# TASK REQUIREMENTS:
The reply needs the lines from the one containing "Wristwatches BP Factory" through the end of the material, each repeated exactly, and no pictures.

START DATA FOR THE TASK

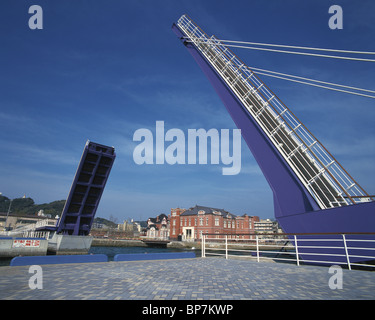 Pont Mojikou Kitakyushu, Fukuoka Prefecture, Japon, Banque D'Images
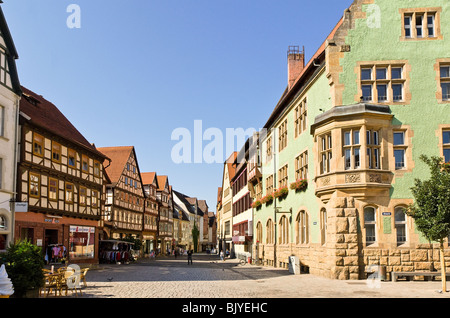 Historic city of Schmalkalden Free State of Thuringia Stock Photo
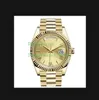 Wristwatches BP Factory V2 40mm Sapphire Azja 2813 Automatyczny ruch 228238 228235 228239 Rose Gold Wezel Czekoladowe Zegarki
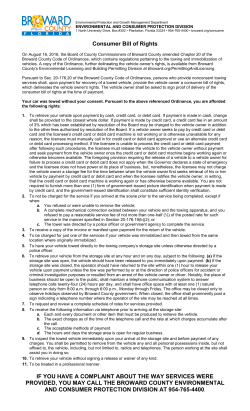 Consumer Bill of Rights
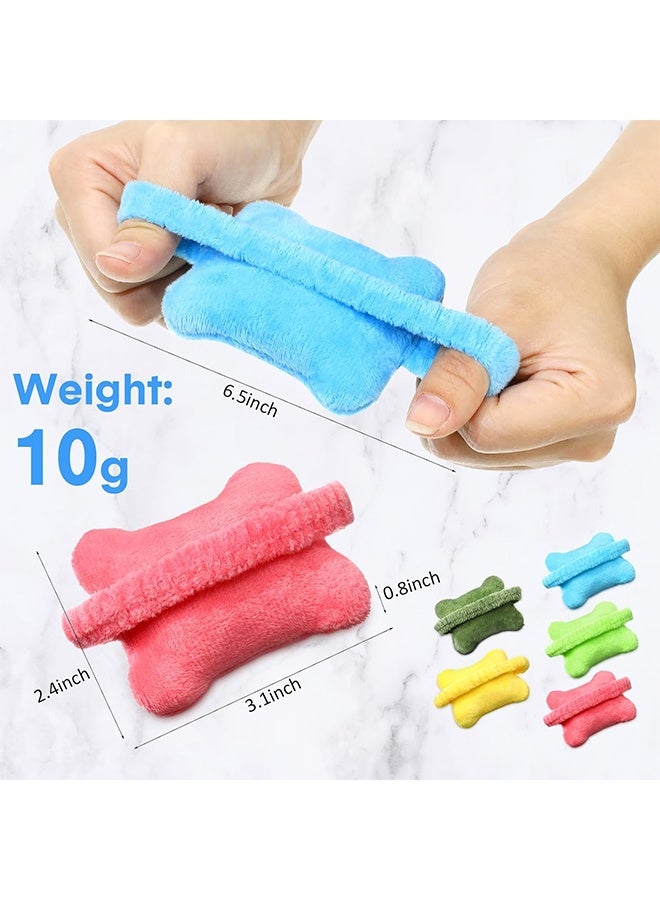 خمس قطع من وسائد مسند معصم الفأرة القابلة للارتداء، بخمسة ألوان، مريحة لدعم لوحة المفاتيح، وخفيفة الوزن، ومناسبة لألعاب الكمبيوتر المكتبية واللاب توب، وتحمي وتخفف آلام الكتابة، مصنوعة من قطن البولي بروبيلين. - Image 2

END DATA FOR THE TASK

# RESPONSE TO THIS EXERCISE:
 Wristwatches BP Factory V2 40mm Sapphire Azja 2813 Automatyczny ruch 228238 228235 228239 Rose Gold Wezel Czekoladowe Zegarki
 Consumer Bill of Rights
 خمس قطع من وسائد مسند معصم الفأرة القابلة للارتداء، بخمسة ألوان، مريحة لدعم لوحة المفاتيح، وخفيفة الوزن، ومناسبة لألعاب الكمبيوتر المكتبية واللاب توب، وتحمي وتخفف آلام الكتابة، مصنوعة من قطن البولي بروبيلين. - Image 2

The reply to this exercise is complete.